_What the exercise asks_
What this exercise needs is every entry restated as written, with no pictures.

──────────────────────────────

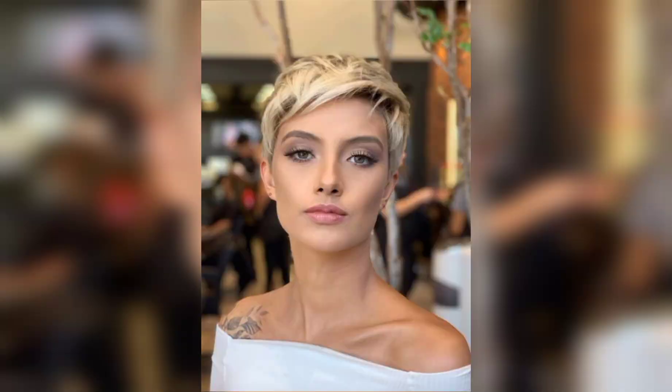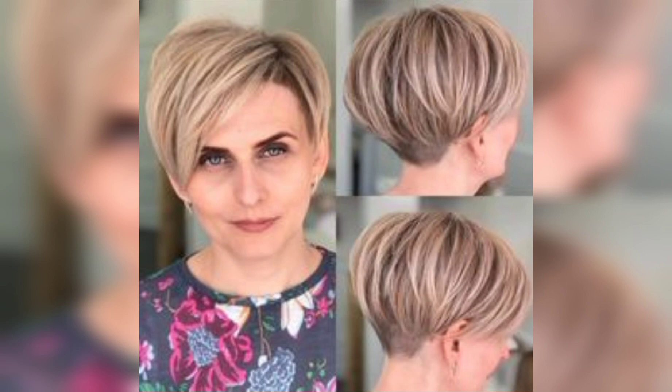Step 4: Create volume with a hair dryer. Using your hair dryer and a round brush, lift your hair at the roots while directing the air upward. This will create volume. Don't worry too much about perfection — we want this style to look effortlessly undone.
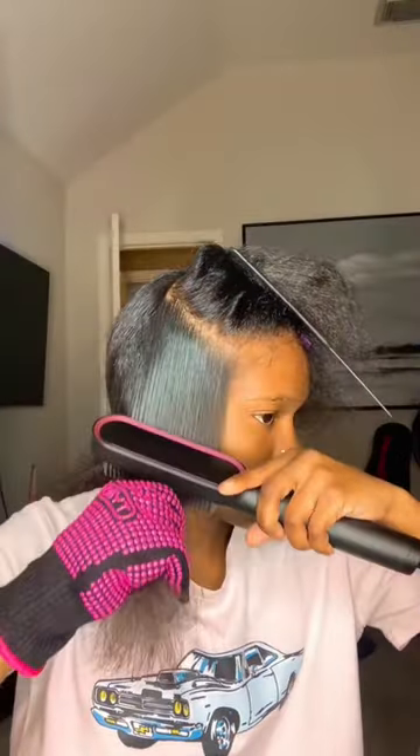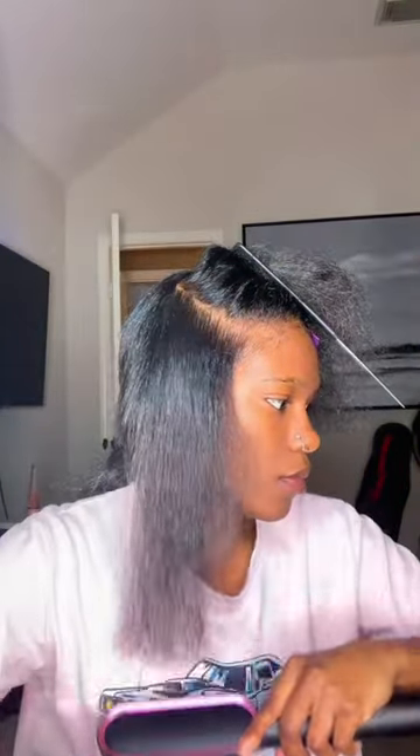Look at that — that is just one pass. Look at the shine. If I was using a regular flat iron, it would have took me about three hours. But I kid y'all not, it took me a good 30 minutes to do my whole entire head.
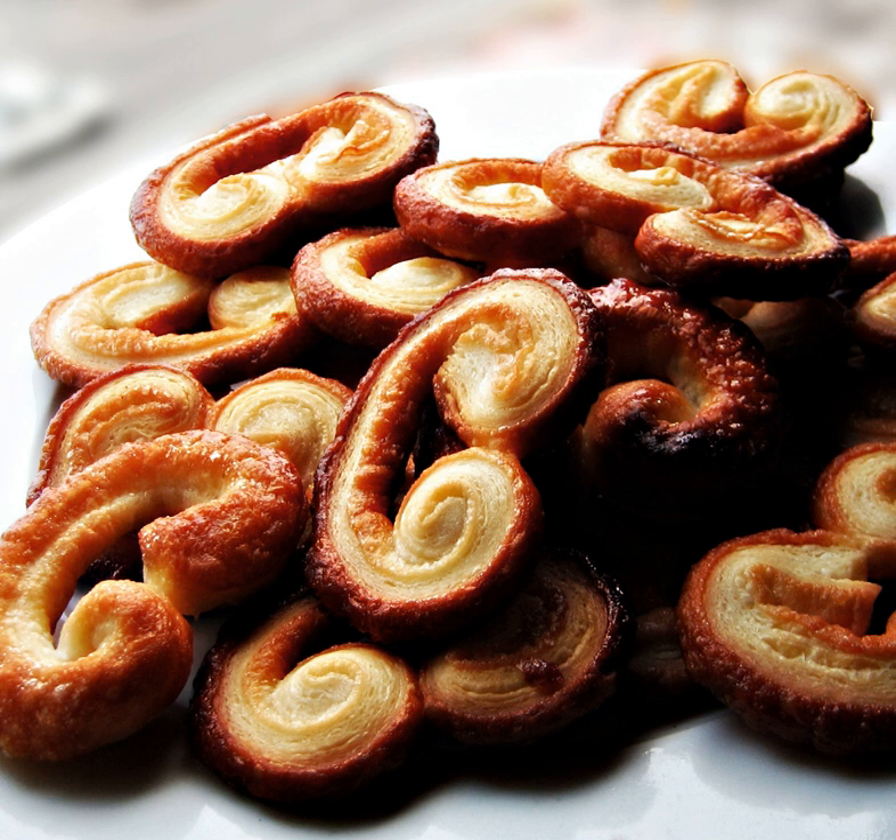A palmier, pig's ear or elephant ear is a French pastry in a palm leaf shape or a butterfly shape, sometimes called palm leaves, coeur de France, French hearts, shoe soles, or glasses.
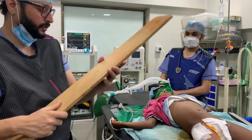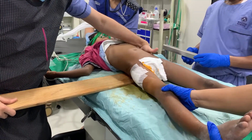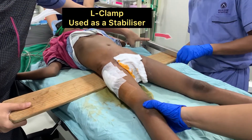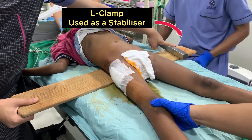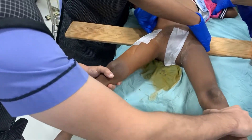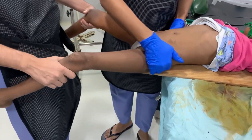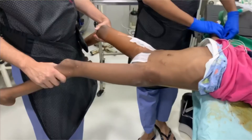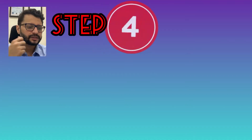For patient positioning, a wooden plank is placed under the patient's body. There is an L-clamp on the table which is required to hold the plank in place. This setup ensures the child is completely free from the posterior aspect, allowing you to easily roll plasters around it.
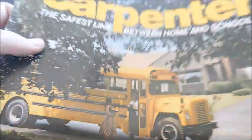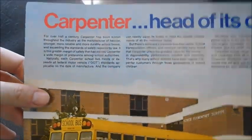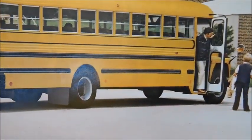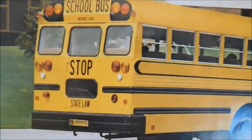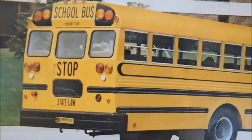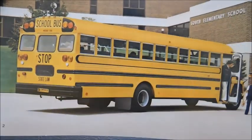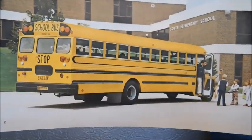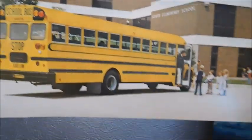And there's the Carpenter body. So we're going to go ahead and open to the front page. Carpenter — ahead of its class. We've got a Carpenter Lodestar, probably the same bus from the front page. It says Stop State Law, which means it's an Ohio bus. I do believe this photo has been in other sales brochures I've reviewed in the past, so you've probably seen it before.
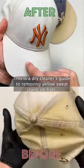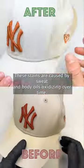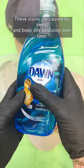This is a dry cleaner's guide to removing yellow sweat stains on hats, but this will also work on any washable garment. These stains are caused by sweat and body oils oxidizing over time.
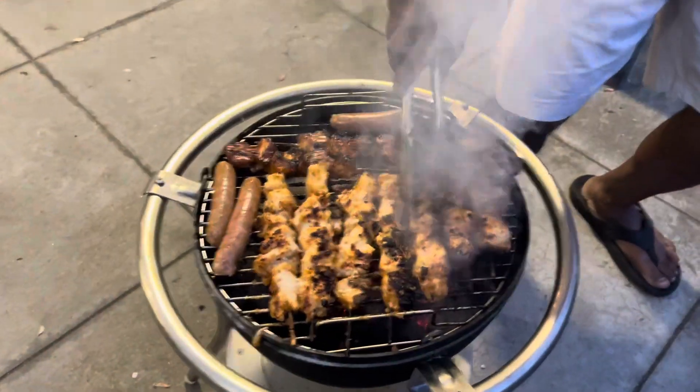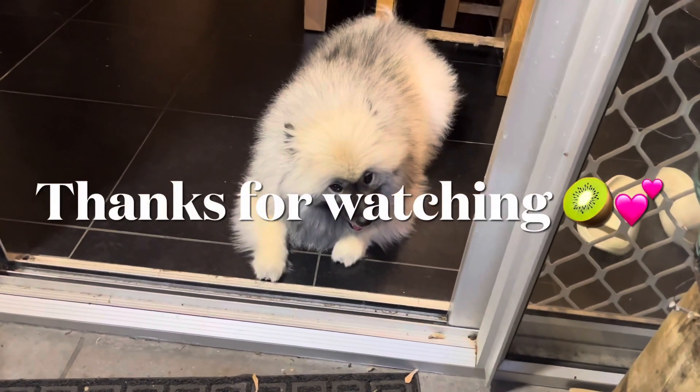How is it, Damien? Good. How is my son? Good, thank you. How are you? How is the food? Yes, I did. The chips are good. Dining with pork and tail.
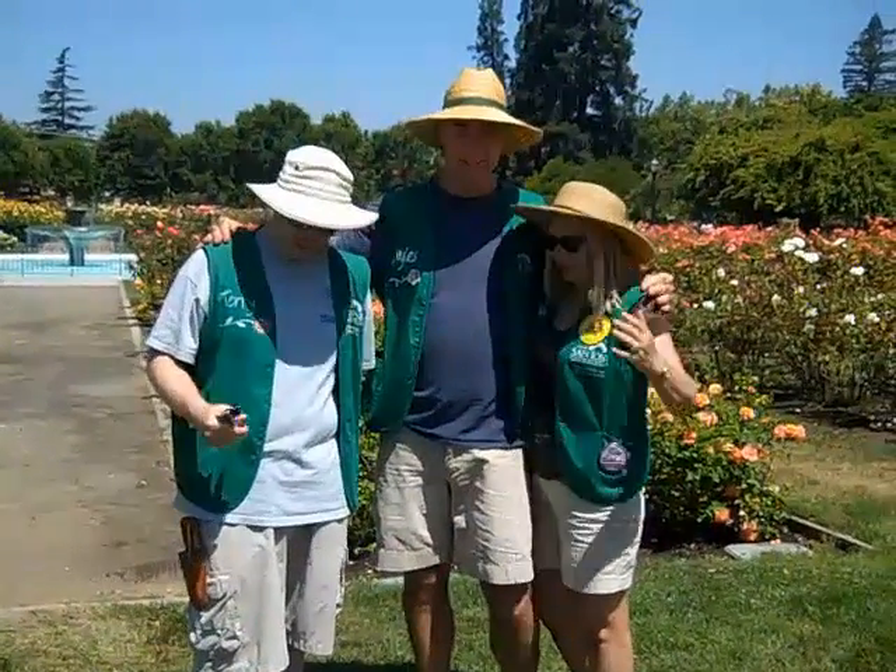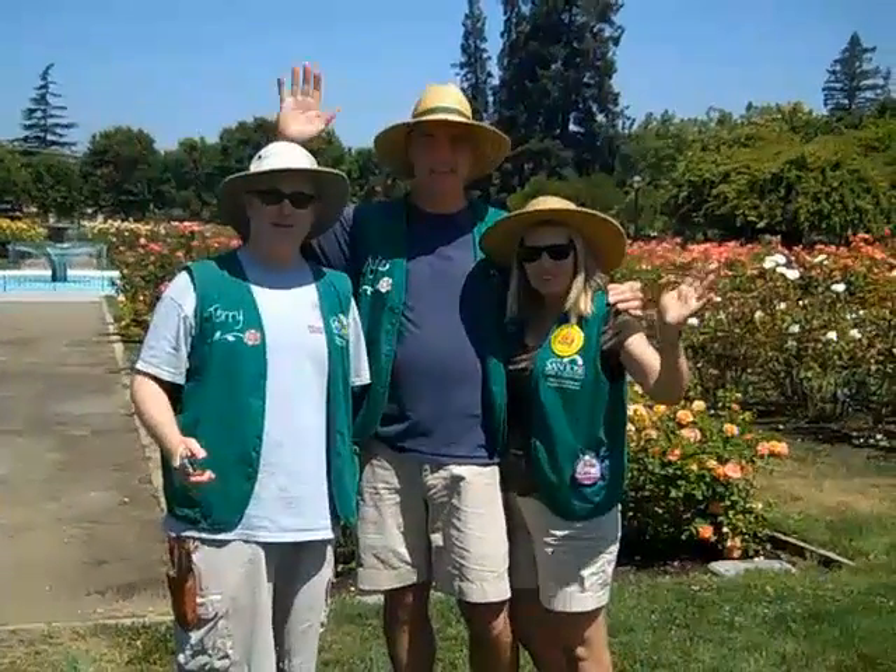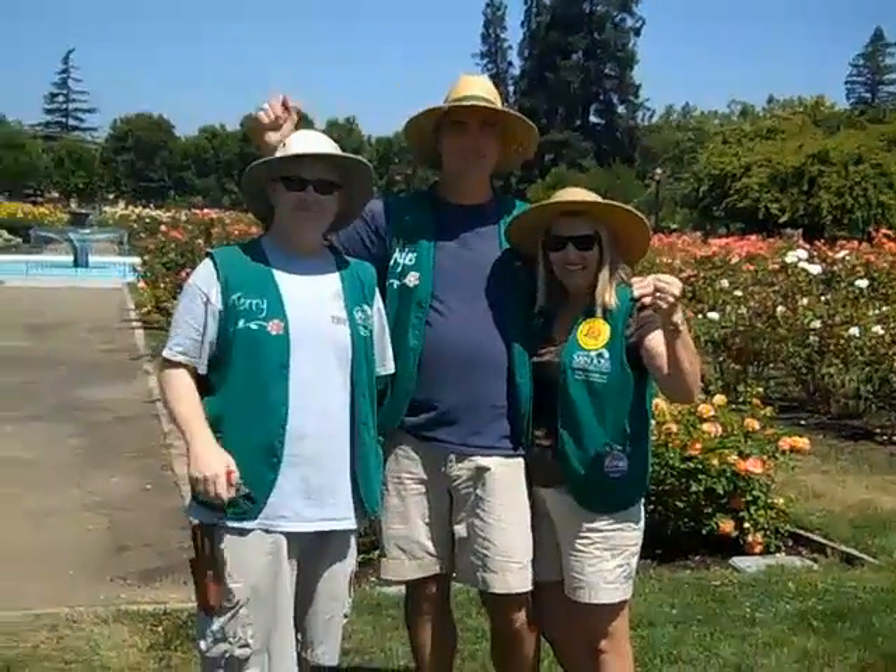I don't know what you should be saying. Thank you volunteers. Woohoo! America's best rose garden! Run. It's just one bar.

──────────────────────────────

_Result_
Step 4: Create volume with a hair dryer. Using your hair dryer and a round brush, lift your hair at the roots while directing the air upward. This will create volume. Don't worry too much about perfection — we want this style to look effortlessly undone.
Look at that — that is just one pass. Look at the shine. If I was using a regular flat iron, it would have took me about three hours. But I kid y'all not, it took me a good 30 minutes to do my whole entire head.
A palmier, pig's ear or elephant ear is a French pastry in a palm leaf shape or a butterfly shape, sometimes called palm leaves, coeur de France, French hearts, shoe soles, or glasses.
For patient positioning, a wooden plank is placed under the patient's body. There is an L-clamp on the table which is required to hold the plank in place. This setup ensures the child is completely free from the posterior aspect, allowing you to easily roll plasters around it.
And there's the Carpenter body. So we're going to go ahead and open to the front page. Carpenter — ahead of its class. We've got a Carpenter Lodestar, probably the same bus from the front page. It says Stop State Law, which means it's an Ohio bus. I do believe this photo has been in other sales brochures I've reviewed in the past, so you've probably seen it before.
This is a dry cleaner's guide to removing yellow sweat stains on hats, but this will also work on any washable garment. These stains are caused by sweat and body oils oxidizing over time.
How is it, Damien? Good. How is my son? Good, thank you. How are you? How is the food? Yes, I did. The chips are good. Dining with pork and tail.
I don't know what you should be saying. Thank you volunteers. Woohoo! America's best rose garden! Run. It's just one bar.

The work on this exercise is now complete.